En cualquier caso, no era ella la crítica de la que pretendía escribir, ni tampoco de la crítica como situación en la que se encuentra el arte del exorcismo (por ejemplo), sino de la crítica en toda su perversa displicencia, la crítica como género periodístico autosuficiente y omnipotente, como disciplina incluso literaria capaz de engullir pizzas sin quemarse y de guiar a sus seguidores hacia la masa fina o la gruesa; hacia la anchoa o el champiñón. Por todos es sabido que los buenos críticos seleccionan películas alternativas que ofrezcan al espectador una posibilidad de escapar a los grandes trallazos comerciales, que también recuperan obras maestras para que no caigan en el olvido, que escriben con el bagaje de una formación inabarcable y una aspiración cultural insaciable, y tal. Por eso, por nuestra fe ciega en su independencia y su criterio, la crítica de cine es despiadada y cruel porque no hay más traición que la que se comete contra quien llega con la predisposición de creer. Así es la crítica de cine.
Pero después de haberme tragado por culpa de ciertos críticos la película de Un invierno en la playa, cuyo título ya deja atisbar que es más empalagosa que la discografía de John Lennon, llegué a la conclusión de que para ser un buen crítico hay que saber negociar bien y, sobre todo, venderse bien. La película en cuestión trata de una sucesión de tópicos encaminados a crear una fábula en la que los personajes, aspirantes a escritores y fans de Stephen King, desempeñan los distintos modos de enfocar el patetismo (sinónimo de existencia en sus casos), basada exclusivamente en la desesperación por hacer girar su vida entorno al amor y a alguien que los quiera, más que a quien querer. Los paisajes son espectaculares, obviamente, y hay unas banderas americanas preciosísimas hasta en la cocaína de la desfasada de turno, pero los diálogos ponen el contrapunto necesario a lo abrumador de semejante cuidado formal, porque son una basura. No soy muy partidario de las frases sentenciosas, pero es que cada palabra te recuerda cada uno de los 690 céntimos de la entrada. Y, sobre todo, la estupidez de las bromas te devuelve a reseñas como esta:”inteligencia, tono y talento. (…) una película con personajes y situaciones tan atractivas como creíbles, diálogos en posesión de agudeza y alma, actores espléndidos” o esta otra: “agradable comedia (…) Para los que les gusten las comedias inteligentes”. En fin, que este es solo un caso paradigmático de por qué creo que los críticos, ante todo, han de tener una sensibilidad especial hacia su autopromoción y la imagen, y una boca descomunal para vomitar tan estroboscópicas mentiras. Más o menos, serán como el tamaño de la hucha donde guarden lo que les haga distorsionar la realidad hasta ese punto.

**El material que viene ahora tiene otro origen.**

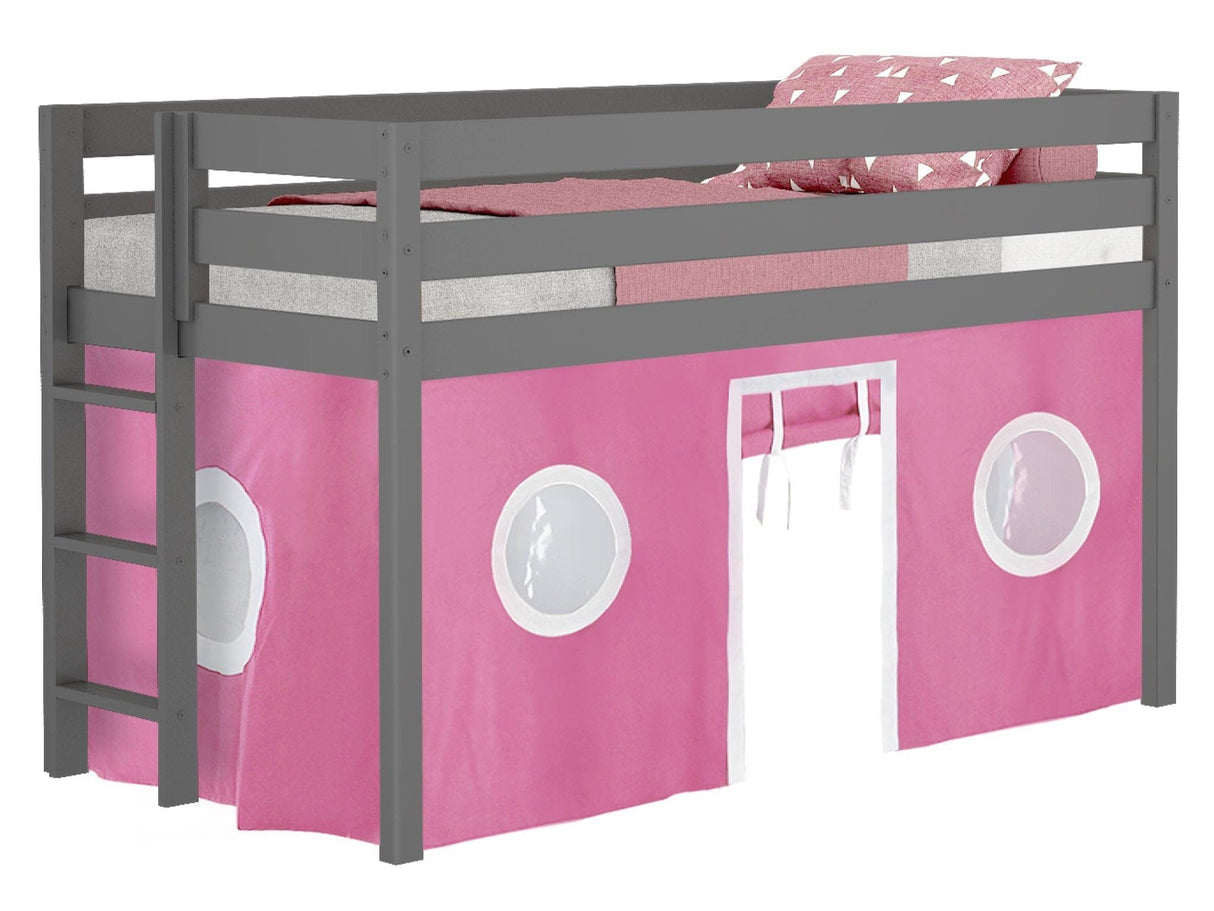 Contemporary Low Loft Twin Bed with End Ladder, Gray with Pink & White Tent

Este es solo un caso paradigmático de por qué creo que los críticos, ante todo, han de tener una sensibilidad especial hacia su autopromoción y la imagen
Por mucha pizza a la que la invité, mi amiga, la crítica de las pizzas, nunca llegó a desvelar quiénes eran los que realmente le pagaban. Quizá no fuera nadie más que un periódico y de ahí que la prisa que mostraba por comer no se debiera a lo mucho que le gustaba, sino a no soportar la poca inteligencia de quien la mantenía (o de quien no entendió la ironía del Invierno en la playa).